#### [WORK TO BE COMPLETED]
Starting with the line with "Double Room - Disability Access" in the entries below and going on through the line with "Goddess Carving Standing", output every line exactly and nothing more. No pictures.

#### [INPUT MATERIAL]
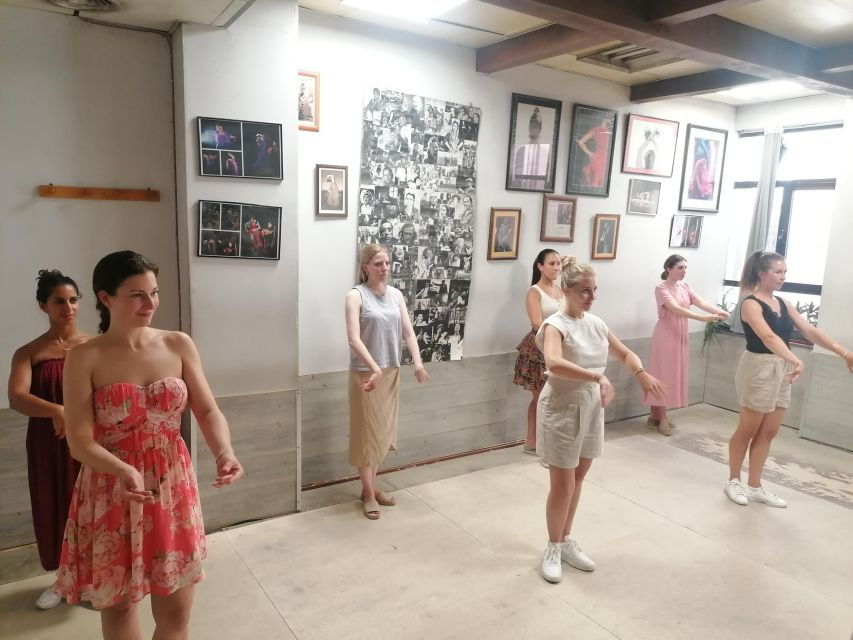 Latin Dance and Salsa Class in Córdoba Experience - Pricing and Duration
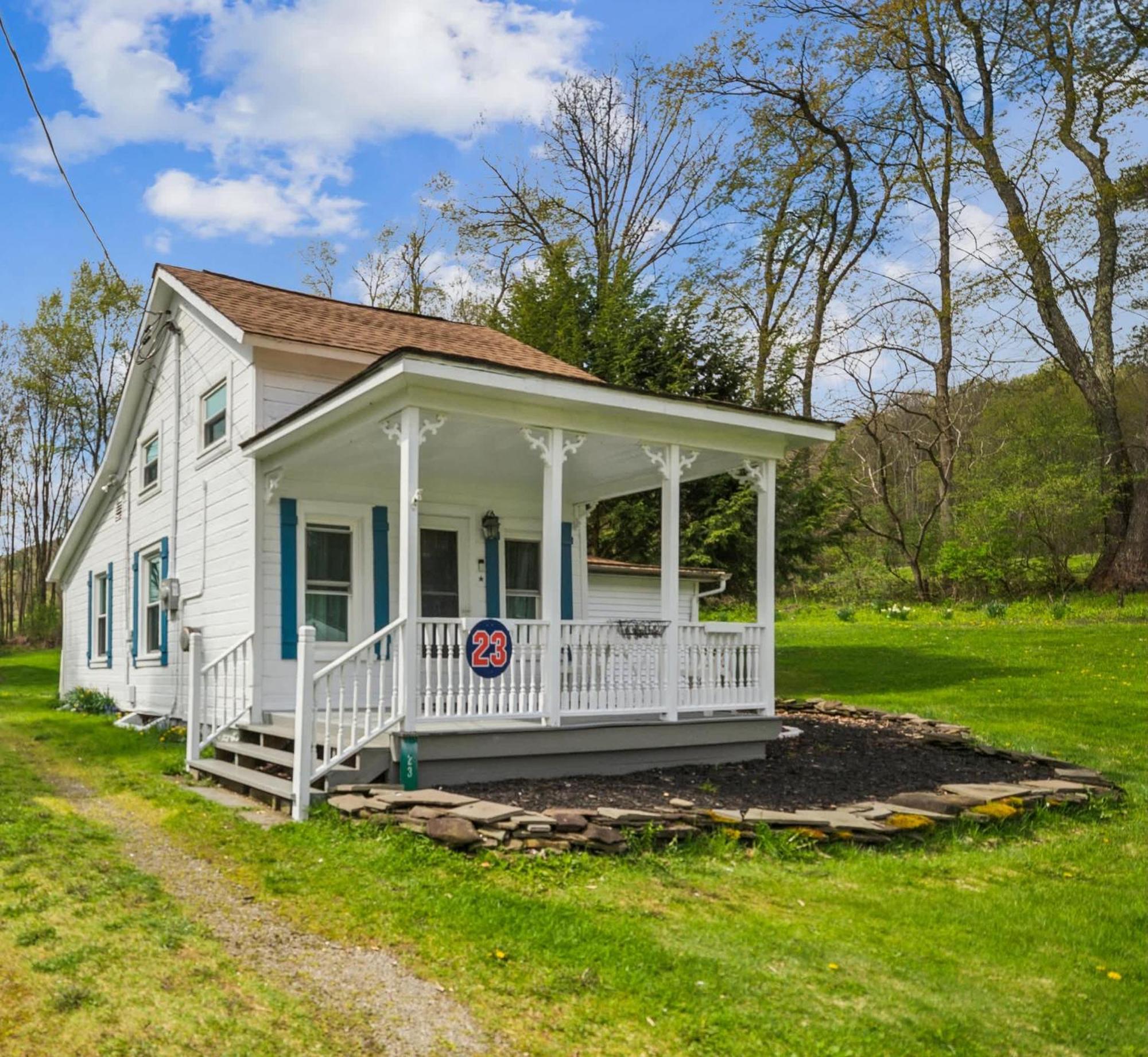 Cozy Milford Cottage On Half Acre W Deck & Grill Exteriér fotografie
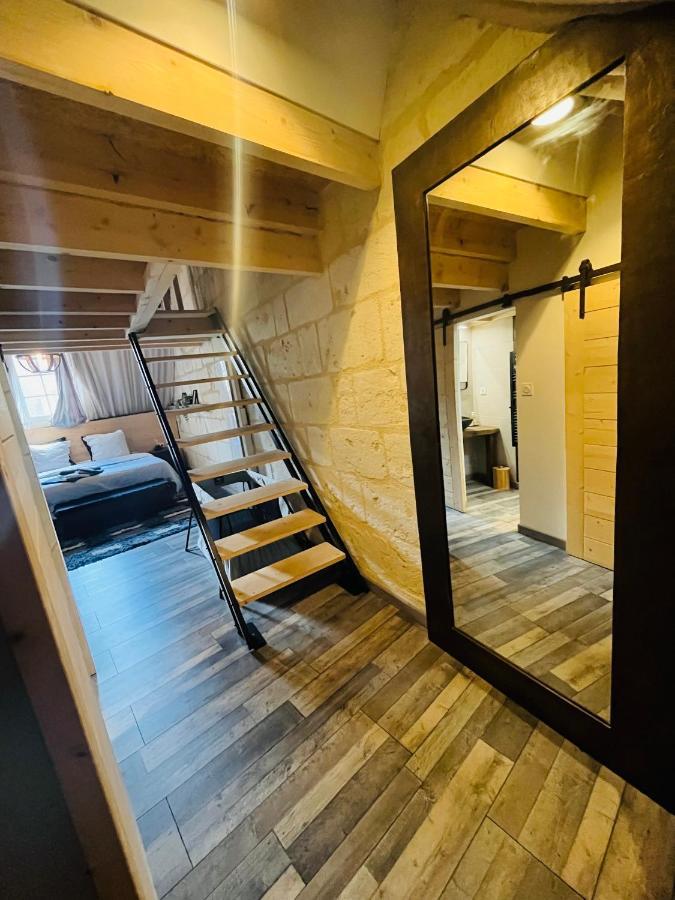 فونتيرفارد لو أباي Chez Mimie Les Hotes المظهر الخارجي الصورة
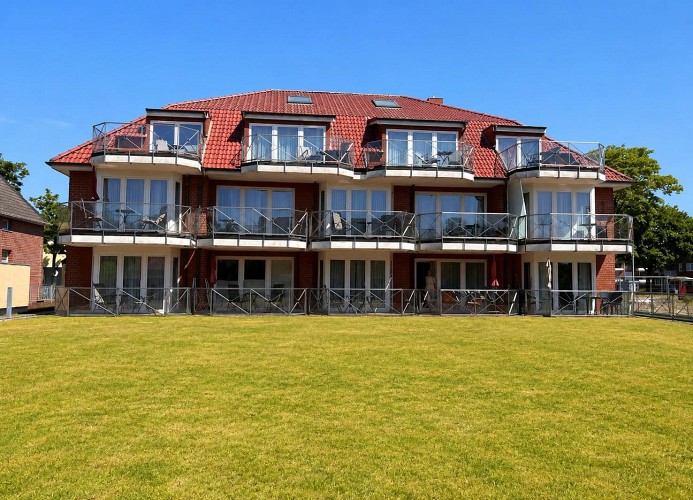 Haus am Mühlenpark, Whg 10, 1. Etage, Steinmarnerstr. 77/79, 27476 Cuxhaven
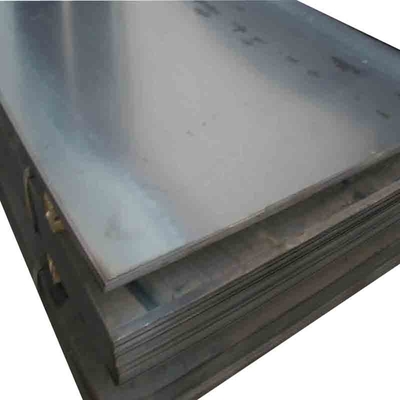 Металлический лист стали ASTM A588 A242 A606 S355 плоский Corten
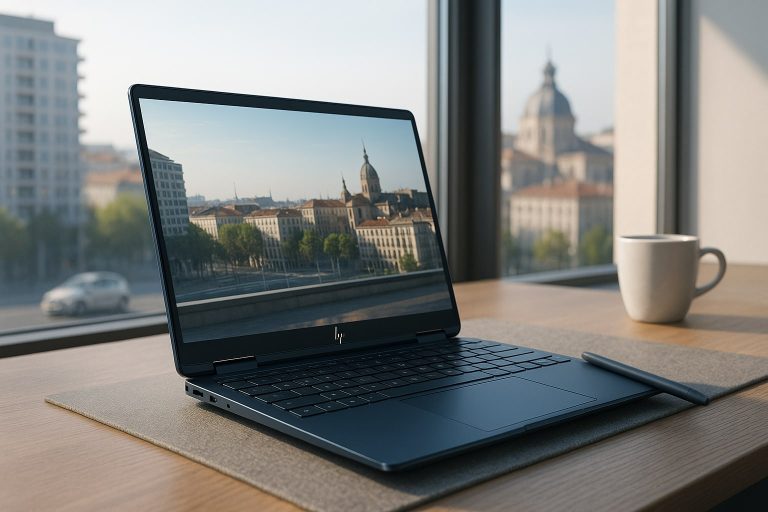 HP Spectre x360 14 (2024) analizado: el convertible premium ante el nuevo estándar Copilot+
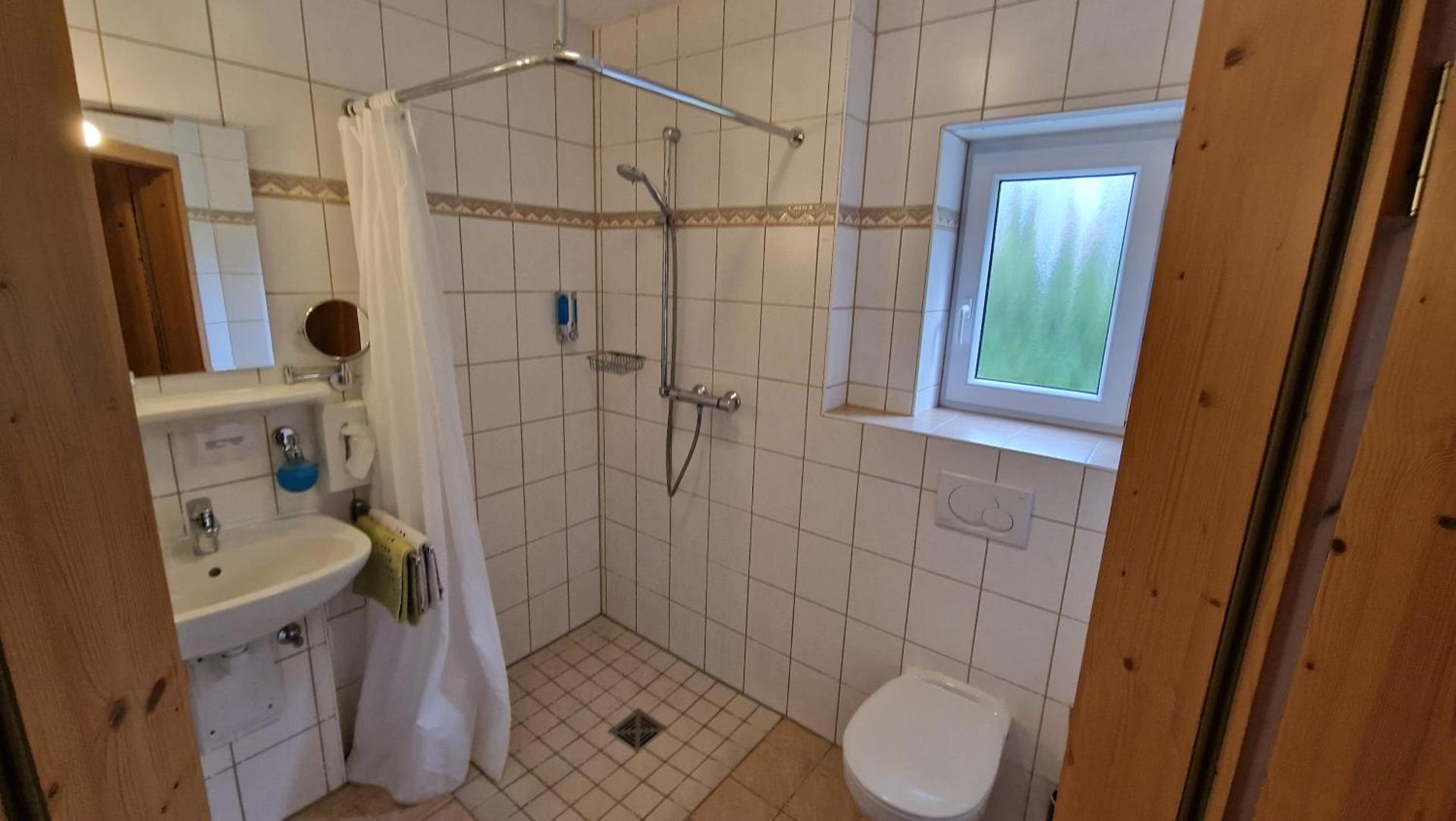 Double Room - Disability Access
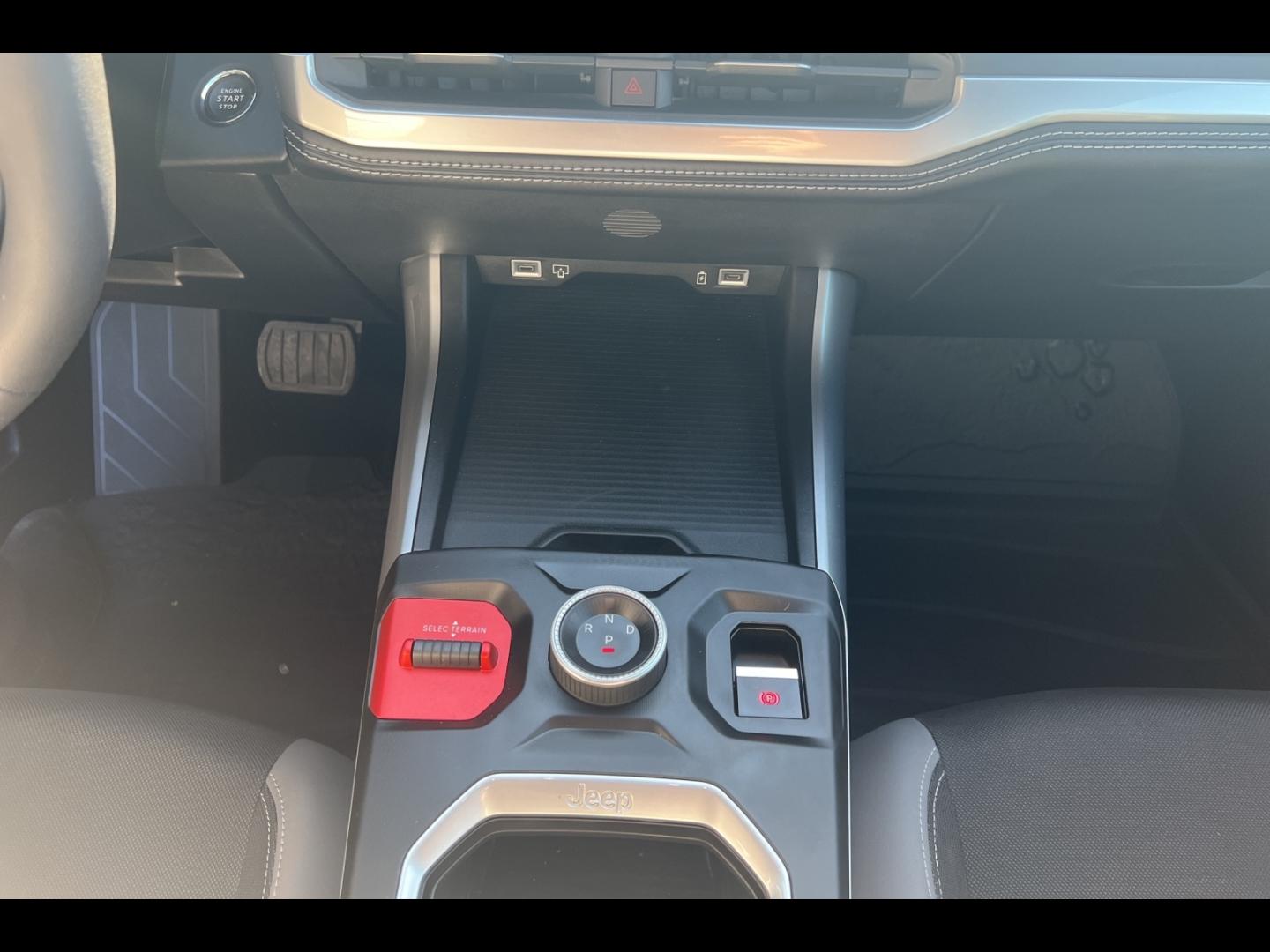 Image JEEP Compass Electrique 213ch 74kWh Altitude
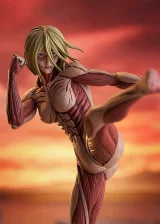 Figurka Attack on Titan - Annie Leonhart Female Titan Ver. (Pop Up Parade)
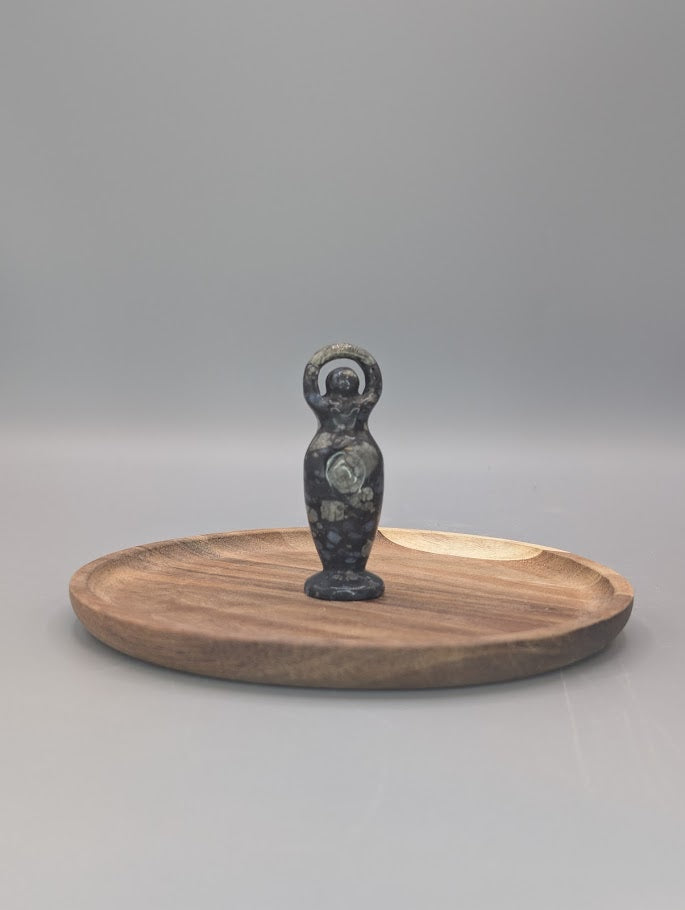 Goddess Carving Standing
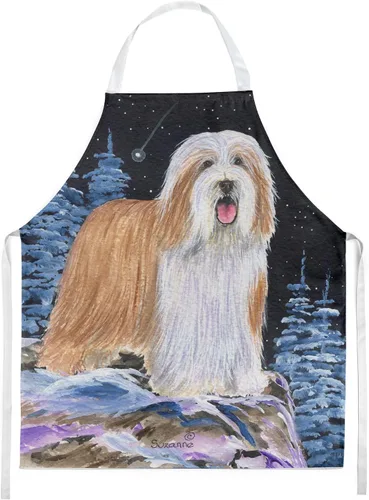 Miniatura 106 de Caroline's Treasures Delantal unisex Starry Night By Suzanne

#### [PROBLEM SOLUTION]
 Double Room - Disability Access
 Image JEEP Compass Electrique 213ch 74kWh Altitude
 Figurka Attack on Titan - Annie Leonhart Female Titan Ver. (Pop Up Parade)
 Goddess Carving Standing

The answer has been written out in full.